### Raw data
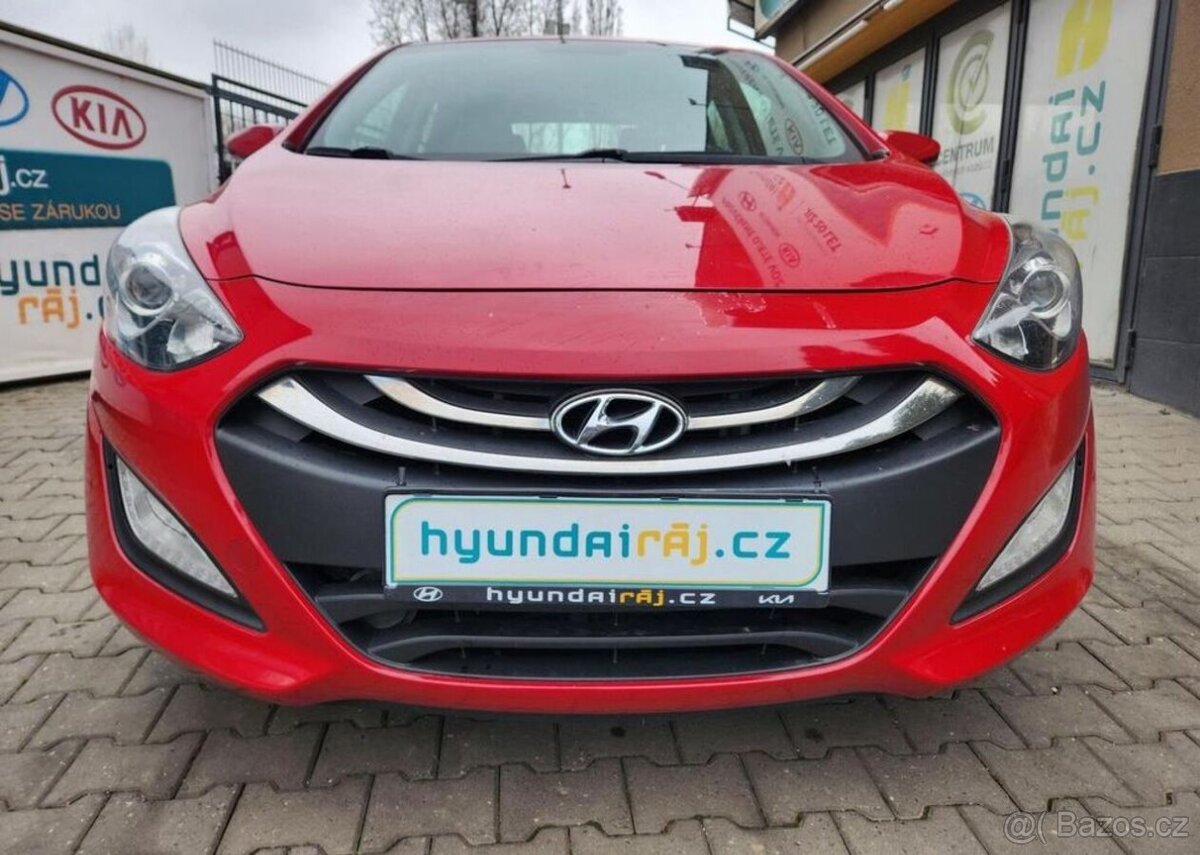 Hyundai i30 1.6-94kw-TOP VÝBAVA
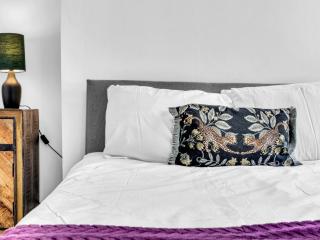 Anfield House - Liverpool Retreat 7 Bedroom Home - 4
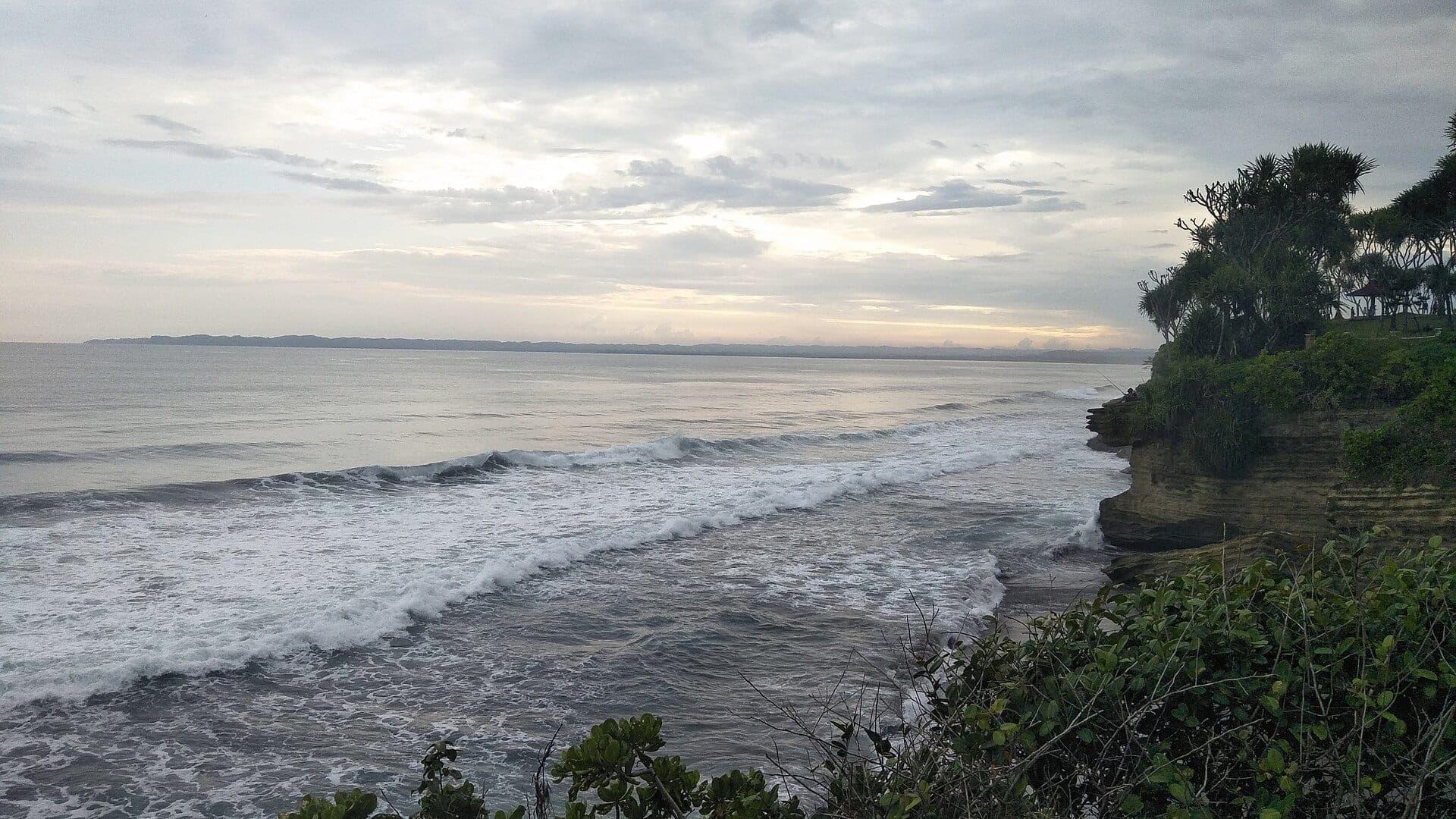 Pantai Batu Hiu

### Aim of the exercise
Copy the data word for word, no pictures.

### Written reply
 Hyundai i30 1.6-94kw-TOP VÝBAVA
 Anfield House - Liverpool Retreat 7 Bedroom Home - 4
 Pantai Batu Hiu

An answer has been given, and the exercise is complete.